## EXERCISE GOAL:
A word-for-word repetition of the records beneath this task is the expected answer.

## PROVIDED RECORDS:

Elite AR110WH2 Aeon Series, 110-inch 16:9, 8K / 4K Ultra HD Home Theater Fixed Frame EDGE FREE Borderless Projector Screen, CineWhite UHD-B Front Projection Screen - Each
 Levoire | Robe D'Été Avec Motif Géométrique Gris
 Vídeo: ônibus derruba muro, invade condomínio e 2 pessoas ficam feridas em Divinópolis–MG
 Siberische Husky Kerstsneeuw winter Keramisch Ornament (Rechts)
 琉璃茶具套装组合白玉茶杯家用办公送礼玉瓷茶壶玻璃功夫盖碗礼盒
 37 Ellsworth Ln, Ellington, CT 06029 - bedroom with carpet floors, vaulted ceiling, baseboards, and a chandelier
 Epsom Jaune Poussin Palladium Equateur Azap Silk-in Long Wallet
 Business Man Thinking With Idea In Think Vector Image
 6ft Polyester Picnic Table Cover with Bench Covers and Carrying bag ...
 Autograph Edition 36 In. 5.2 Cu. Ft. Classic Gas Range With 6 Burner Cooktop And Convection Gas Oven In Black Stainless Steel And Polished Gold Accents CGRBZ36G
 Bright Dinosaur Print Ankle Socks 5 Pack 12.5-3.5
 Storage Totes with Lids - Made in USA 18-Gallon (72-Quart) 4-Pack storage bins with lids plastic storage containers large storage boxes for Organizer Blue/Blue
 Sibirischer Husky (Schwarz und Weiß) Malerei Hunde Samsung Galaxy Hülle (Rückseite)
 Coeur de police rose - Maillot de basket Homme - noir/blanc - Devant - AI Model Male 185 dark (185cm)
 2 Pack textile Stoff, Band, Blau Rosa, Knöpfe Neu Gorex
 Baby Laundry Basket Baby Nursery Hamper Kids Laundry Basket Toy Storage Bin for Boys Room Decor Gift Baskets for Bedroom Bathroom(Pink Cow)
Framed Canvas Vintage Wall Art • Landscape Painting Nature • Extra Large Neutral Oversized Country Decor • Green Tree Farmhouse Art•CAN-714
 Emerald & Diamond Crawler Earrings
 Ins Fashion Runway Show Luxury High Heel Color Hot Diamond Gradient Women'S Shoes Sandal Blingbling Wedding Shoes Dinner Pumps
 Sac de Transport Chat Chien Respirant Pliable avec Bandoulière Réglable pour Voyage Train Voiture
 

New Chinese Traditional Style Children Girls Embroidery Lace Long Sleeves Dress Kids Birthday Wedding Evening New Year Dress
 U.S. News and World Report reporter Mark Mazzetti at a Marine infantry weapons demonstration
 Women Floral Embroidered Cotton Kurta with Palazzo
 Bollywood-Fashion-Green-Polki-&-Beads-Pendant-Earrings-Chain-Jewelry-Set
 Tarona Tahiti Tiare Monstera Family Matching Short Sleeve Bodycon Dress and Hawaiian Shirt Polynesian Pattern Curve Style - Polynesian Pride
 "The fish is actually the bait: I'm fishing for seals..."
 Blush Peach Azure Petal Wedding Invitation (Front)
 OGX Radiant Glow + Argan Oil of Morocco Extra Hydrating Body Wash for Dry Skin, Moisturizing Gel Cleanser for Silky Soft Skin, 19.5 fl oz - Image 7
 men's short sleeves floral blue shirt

## EXERCISE RESPONSE:
Elite AR110WH2 Aeon Series, 110-inch 16:9, 8K / 4K Ultra HD Home Theater Fixed Frame EDGE FREE Borderless Projector Screen, CineWhite UHD-B Front Projection Screen - Each
 Levoire | Robe D'Été Avec Motif Géométrique Gris
 Vídeo: ônibus derruba muro, invade condomínio e 2 pessoas ficam feridas em Divinópolis–MG
 Siberische Husky Kerstsneeuw winter Keramisch Ornament (Rechts)
 琉璃茶具套装组合白玉茶杯家用办公送礼玉瓷茶壶玻璃功夫盖碗礼盒
 37 Ellsworth Ln, Ellington, CT 06029 - bedroom with carpet floors, vaulted ceiling, baseboards, and a chandelier
 Epsom Jaune Poussin Palladium Equateur Azap Silk-in Long Wallet
 Business Man Thinking With Idea In Think Vector Image
 6ft Polyester Picnic Table Cover with Bench Covers and Carrying bag ...
 Autograph Edition 36 In. 5.2 Cu. Ft. Classic Gas Range With 6 Burner Cooktop And Convection Gas Oven In Black Stainless Steel And Polished Gold Accents CGRBZ36G
 Bright Dinosaur Print Ankle Socks 5 Pack 12.5-3.5
 Storage Totes with Lids - Made in USA 18-Gallon (72-Quart) 4-Pack storage bins with lids plastic storage containers large storage boxes for Organizer Blue/Blue
 Sibirischer Husky (Schwarz und Weiß) Malerei Hunde Samsung Galaxy Hülle (Rückseite)
 Coeur de police rose - Maillot de basket Homme - noir/blanc - Devant - AI Model Male 185 dark (185cm)
 2 Pack textile Stoff, Band, Blau Rosa, Knöpfe Neu Gorex
 Baby Laundry Basket Baby Nursery Hamper Kids Laundry Basket Toy Storage Bin for Boys Room Decor Gift Baskets for Bedroom Bathroom(Pink Cow)
Framed Canvas Vintage Wall Art • Landscape Painting Nature • Extra Large Neutral Oversized Country Decor • Green Tree Farmhouse Art•CAN-714
 Emerald & Diamond Crawler Earrings
 Ins Fashion Runway Show Luxury High Heel Color Hot Diamond Gradient Women'S Shoes Sandal Blingbling Wedding Shoes Dinner Pumps
 Sac de Transport Chat Chien Respirant Pliable avec Bandoulière Réglable pour Voyage Train Voiture
 

New Chinese Traditional Style Children Girls Embroidery Lace Long Sleeves Dress Kids Birthday Wedding Evening New Year Dress
 U.S. News and World Report reporter Mark Mazzetti at a Marine infantry weapons demonstration
 Women Floral Embroidered Cotton Kurta with Palazzo
 Bollywood-Fashion-Green-Polki-&-Beads-Pendant-Earrings-Chain-Jewelry-Set
 Tarona Tahiti Tiare Monstera Family Matching Short Sleeve Bodycon Dress and Hawaiian Shirt Polynesian Pattern Curve Style - Polynesian Pride
 "The fish is actually the bait: I'm fishing for seals..."
 Blush Peach Azure Petal Wedding Invitation (Front)
 OGX Radiant Glow + Argan Oil of Morocco Extra Hydrating Body Wash for Dry Skin, Moisturizing Gel Cleanser for Silky Soft Skin, 19.5 fl oz - Image 7
 men's short sleeves floral blue shirt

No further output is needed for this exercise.